Hey! Hallie here!
I usually wait to review episodes of ‘The Bad Batch’ until I have two to talk about. Unfortunately, ‘The Bad Batch’ has done so little with what it set up that sometimes it feels as though there isn’t enough to write about after viewing just one episode. This week’s episode didn’t really make me regret that decision. I’ll get into that in a second. But for the next week, possibly two, we’ll be on vacation! We’ll still be posting regularly for the first week. We pre-wrote posts for every day of next week for you to enjoy! The week after might be silent for a while, though. I don’t want to get too behind on this series, so let’s get into this week’s episode! SPOILERS ahead!
The Other Side of the Separatists: In most ‘Star Wars’ content the Separatists are mustache twirling villains. On occasion we’ve seen things like ‘Clone Wars’ make attempts at explaining some of the motivations for the groups that joined the Separatists, but nothing that could help us truly empathize with any of them. This episode tasked the entire Bad Batch, as well as the viewers, with withholding judgement from a Separatist party. And it was understandably difficult for them. Especially for Echo, who was nearly stripped of his humanity by Separatists. To be honest, I especially liked Echo’s reaction to the entire situation. His hesitancy and even outright anger towards them gave us a deeper look into his character. In any case, GS-8 was a fun droid presence and you can’t argue that she and her master care deeply about the people they were forced to abandon towards the end of the episode. In the very least, you could leave the episode with the knowledge that the Separatists are a very diverse group of people and not all of their ideologies lead them to side with the Empire.

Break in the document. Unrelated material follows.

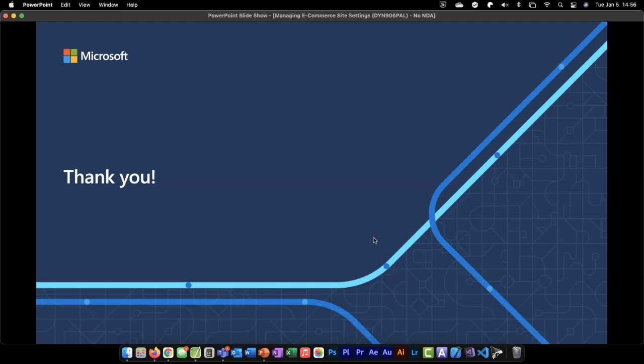Thank you, Brendan. We would like to get your feedback on today's session — I've posted a link to a short survey in the Q&A panel. We value your feedback on how we did today and what you'd like to see in future sessions. Survey scores are on a scale from one to five, with five being the highest. As a reminder, the recording of today's session will be available on the Tech Talks Community Dynamics page within five business days. A big thank you to our presenter Brendan, and to our audience for joining us today. Please stay safe and have a great rest of your day or evening wherever you are. Goodbye.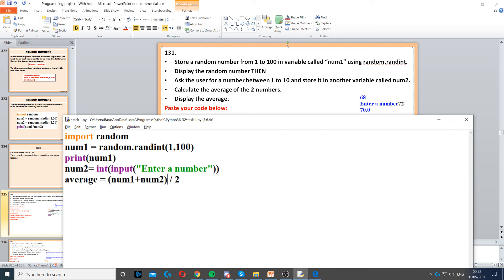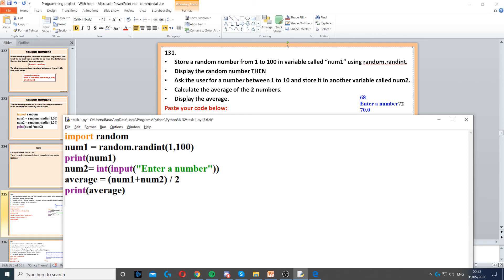Then we need to divide by 2 because we're adding two numbers together. This will find the average and then we'll just display the average on the screen.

Cid: Cid hasn’t done much in this series beyond introducing the plot of each episode while looking extremely annoyed in the process. As the audience, we know she really likes money and that’s about it. But this episode forces her to take a more prominent role when Hunter sticks her with Omega. Omega is basically our main character at this point, so there was no way we wouldn’t have spent at least half the episode with these two. And sure enough, this episode includes an entire storyline where Omega and Cid attempt to figure out exactly how to interact with each other. At first Cid is practically disgusted by the idea of being a babysitter. She makes Omega do chores, berates her for trying to interact with her in any meaningful way, and outright tells Omega that she’s useless. Omega is already frustrated that Hunter left her behind for no particular reason and she’s even more frustrated by Cid’s bad attitude. But Omega is kind by nature, so she attempts to connect with Cid despite it. Until Cid takes it a step too far and causes Omega to face the reality that Hunter doesn’t actually see her as helpful. When Omega becomes distraught, Cid sees that she crossed a line but doesn’t know what to do about it. It isn’t until Omega shows promise in Dejarik that Cid comes to fully appreciate Omega. When the Batch return, she even goes so far as to berate Hunter for mistreating Omega because of how much Omega proved herself to Cid. (Also because of how much money Omega made her.) In any case, we saw some actual emotions and development from Cid this episode and I appreciated it.
The Bad (Batch):
Hunter: How many times do we have to do this? In nearly every single episode we see Hunter showing his overprotective nature by telling Omega to stay behind. We also see a genuine disbelief from him that Omega is capable of helping out at all. Then Omega proves herself more competent than most, if not all, of the Batch. And then Hunter apologizes and promises he’ll never do it again. This has happened so many times in this series that I’m really starting to dislike Hunter as a character. Hunter’s overprotectiveness has become outright insulting to Omega and her personal growth. And his refusal to learn from his past treatment of Omega turns all of his promises to empty lies. He also decides to order her, like he would a soldier, to stay behind. Despite the fact that he constantly berates Wrecker for treating her like a peer rather than a child. And then he yells at her at the end of the episode for actually doing something while she stayed behind instead of sitting in a corner. I understand he’s worried about her, and this episode did show him missing her during the mission. But I can’t feel sympathy for him when he has to spend every episode relearning the same lesson about Omega.
Ideologies: This episode description said it would challenge the Batch’s ideologies. But none of them ever expressed their opinions of the Separatists. The only reason why we know Echo’s is because of ‘Clone Wars’. None of the other members of the group showed any sort of strong reaction to their mission. And similarly, the Separatist leader in this episode didn’t get to discuss his own beliefs. We never figured out why he sided with the Separatists or even if his reasoning was understandable. We only know that he’s a better guy than most of the ones we’ve seen from the Separatist side. They did some nice surface work, but they could have gone so much deeper. And for the sake of character development, they probably should have gone deeper.
This episode didn’t progress much of the plot. There were some interesting ideas thrown around here and there, but nothing that was done extremely successfully. This and the continued lack of character development for most of the main characters made me extremely unsatisfied with this episode. As of now, Omega and Echo are the only saving graces of this series for me. I was really hoping for more.
Don’t do anything fun until I get back!